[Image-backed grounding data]
"""

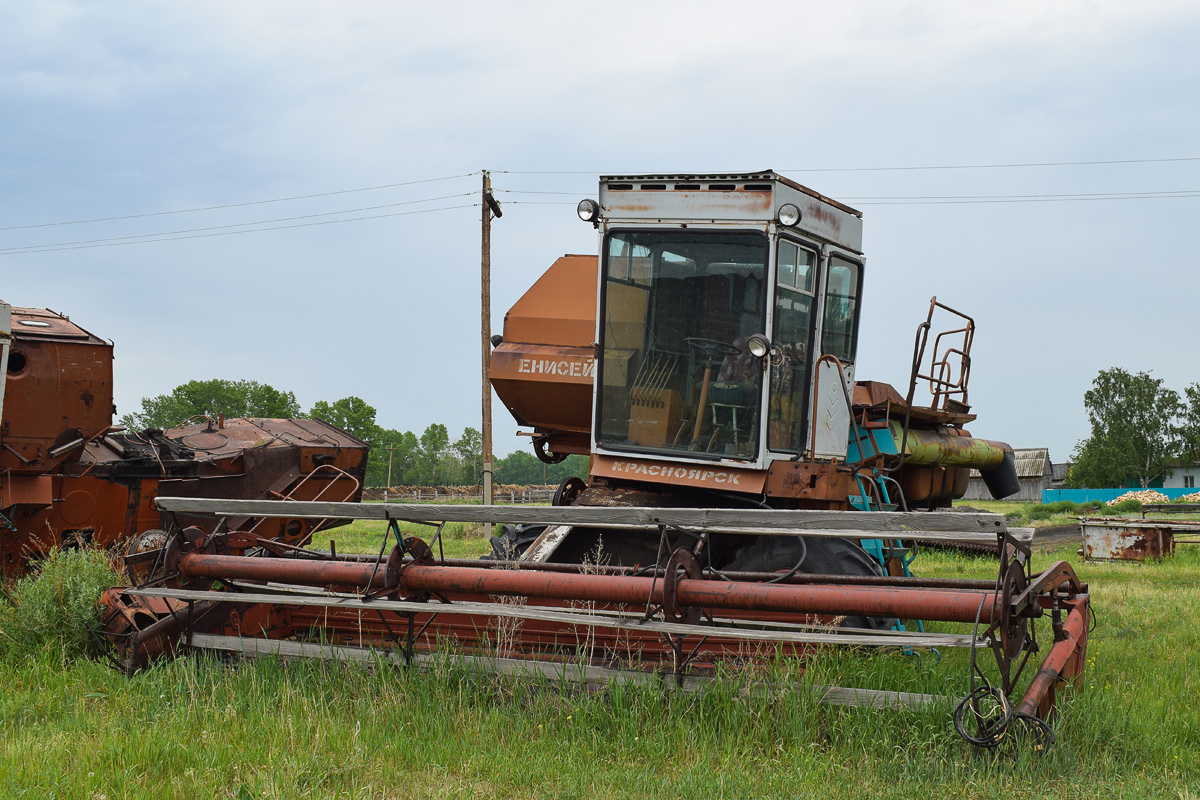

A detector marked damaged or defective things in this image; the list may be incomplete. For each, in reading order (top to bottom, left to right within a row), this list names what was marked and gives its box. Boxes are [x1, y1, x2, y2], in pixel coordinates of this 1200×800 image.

rusty machinery [0, 299, 369, 575]
rusty combine harvester [0, 303, 369, 578]
abandoned rusty machine [93, 172, 1089, 748]
rusty combine harvester [98, 173, 1094, 743]
rusty machinery [98, 173, 1094, 753]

"""

Would you copy out the data exactly, leaving every picture out?

A detector marked damaged or defective things in this image; the list may be incomplete. For each, in reading order (top to bottom, left to right within a row), this list names what was marked and gives its box. Boxes are [x1, y1, x2, y2], in pixel coordinates of this 1200×800 image.

rusty machinery [0, 299, 369, 575]
rusty combine harvester [0, 303, 369, 578]
abandoned rusty machine [93, 172, 1089, 748]
rusty combine harvester [98, 173, 1094, 743]
rusty machinery [98, 173, 1094, 753]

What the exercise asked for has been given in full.